Exercise goal: An exact copy of the lines of the listing below between the "Let's take a" line and the "Similarly, LinkedIn uses" line, both included, is the whole answer; please omit the pictures.

=== Begin Enclosure ===

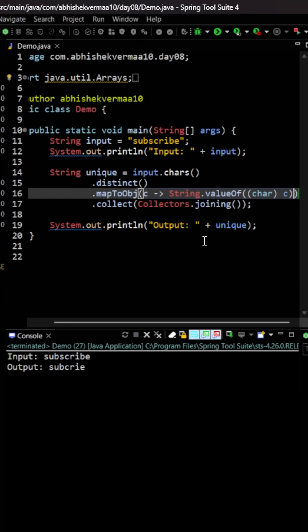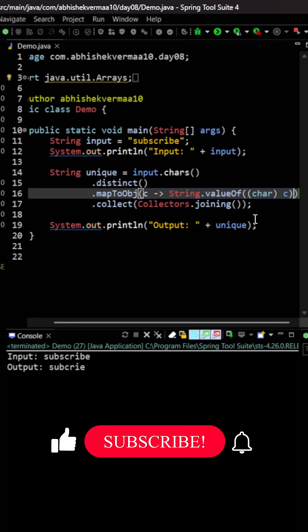So now let's execute the code. So you see in the output all the letters are coming only once. So this b was coming second time it has been removed, s was coming second time that also has been removed.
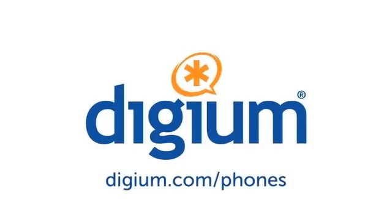For more information on Digium phones, visit digium.com/phones.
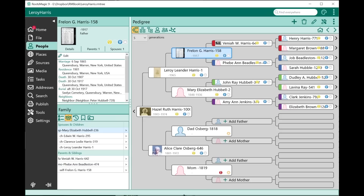Another feature we've added is the ability to create plain old HTML websites. Under Publish, you can generate plain HTML websites — these are similar to the ones from RootsMagic version 6 and earlier, with some enhancements. It's for people who want to generate a generic HTML site with CSS styling.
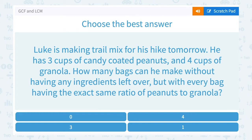Let's take a look at the greatest common factor and the least common multiple, or GCF and LCM. Luke is making trail mix for his hike tomorrow. He has three cups of candy-coated peanuts and four cups of granola. How many bags can he make without having any ingredients leftover, with every bag having the exact same ratio of peanuts to granola?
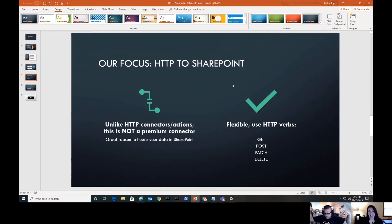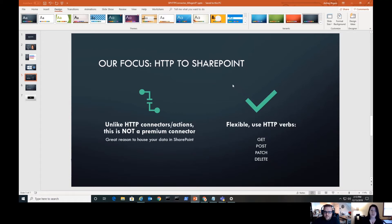Today we're looking at the HTTP to SharePoint connector. Unlike other HTTP actions, this is not a premium connector — it's actually the only one that's not premium because it's really part of the Microsoft stack. You're staying inside Office 365, there's no handshake to third parties, and it uses the connection you already have. It's also super flexible — if you're familiar with HTTP from a development standpoint, you can use REST calls and HTTP verbs: GET, POST, PATCH, DELETE.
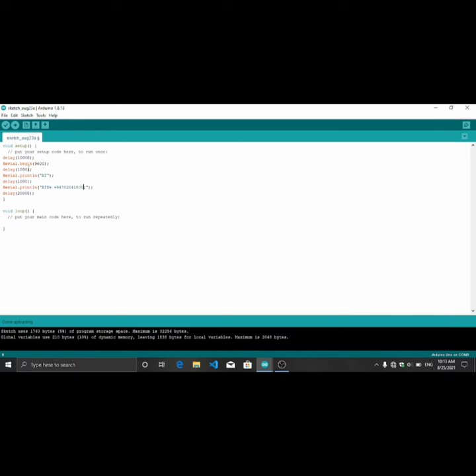I start serial connection to communicate with the GSM module by serial communication. Serial print line AT command is used to check AT commands and AT connection.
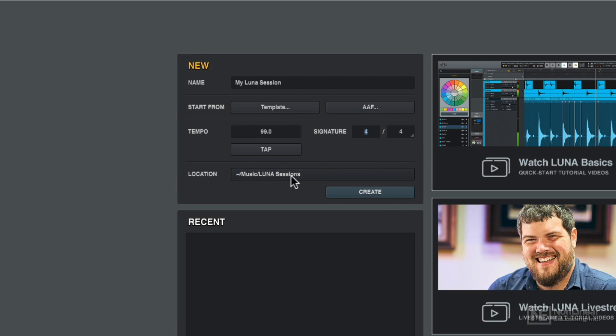You've got your location. So if you want to create the file in a specific location and not in your music folder, a lot of us out there use separate editing hard drives for our sessions and things like that. You don't want to clog up your main hard drive. That's the place to do it.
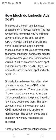Similarly, LinkedIn uses two alternate payment models. One is CPM — cost per impressions — for building awareness rather than clicks, and ads are priced based on how many people see them. The other payment model is the cost per send (CPS) model, which only applies to message ads. So that covers our topic for today — see you in the next video, take care, bye!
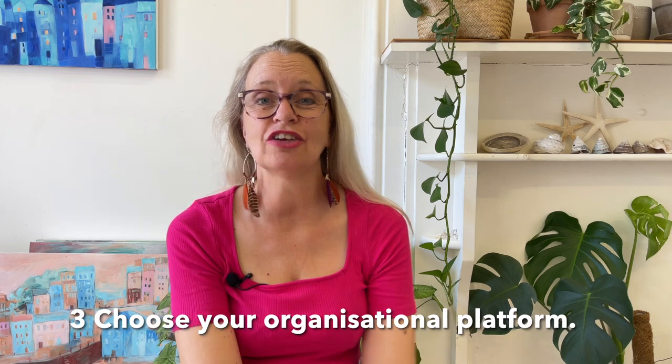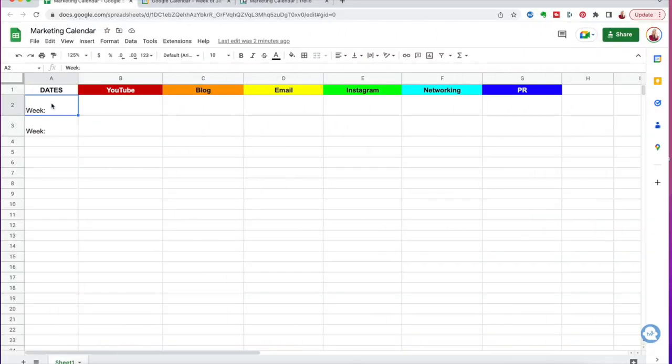Number three: get super organized — we're going digital. We're going to look for a digital organizational platform. I know some of you prefer a notebook and pen, but this is not one of those times. You need to use some kind of project management software. I've got a few simple suggestions for you. As you can see here, we're looking at a really simple marketing calendar spreadsheet.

=== End Enclosure ===

Solution below:
Let's take a look at the greatest common factor and the least common multiple, or GCF and LCM. Luke is making trail mix for his hike tomorrow. He has three cups of candy-coated peanuts and four cups of granola. How many bags can he make without having any ingredients leftover, with every bag having the exact same ratio of peanuts to granola?
Today we're looking at the HTTP to SharePoint connector. Unlike other HTTP actions, this is not a premium connector — it's actually the only one that's not premium because it's really part of the Microsoft stack. You're staying inside Office 365, there's no handshake to third parties, and it uses the connection you already have. It's also super flexible — if you're familiar with HTTP from a development standpoint, you can use REST calls and HTTP verbs: GET, POST, PATCH, DELETE.
I start serial connection to communicate with the GSM module by serial communication. Serial print line AT command is used to check AT commands and AT connection.
You've got your location. So if you want to create the file in a specific location and not in your music folder, a lot of us out there use separate editing hard drives for our sessions and things like that. You don't want to clog up your main hard drive. That's the place to do it.
Similarly, LinkedIn uses two alternate payment models. One is CPM — cost per impressions — for building awareness rather than clicks, and ads are priced based on how many people see them. The other payment model is the cost per send (CPS) model, which only applies to message ads. So that covers our topic for today — see you in the next video, take care, bye!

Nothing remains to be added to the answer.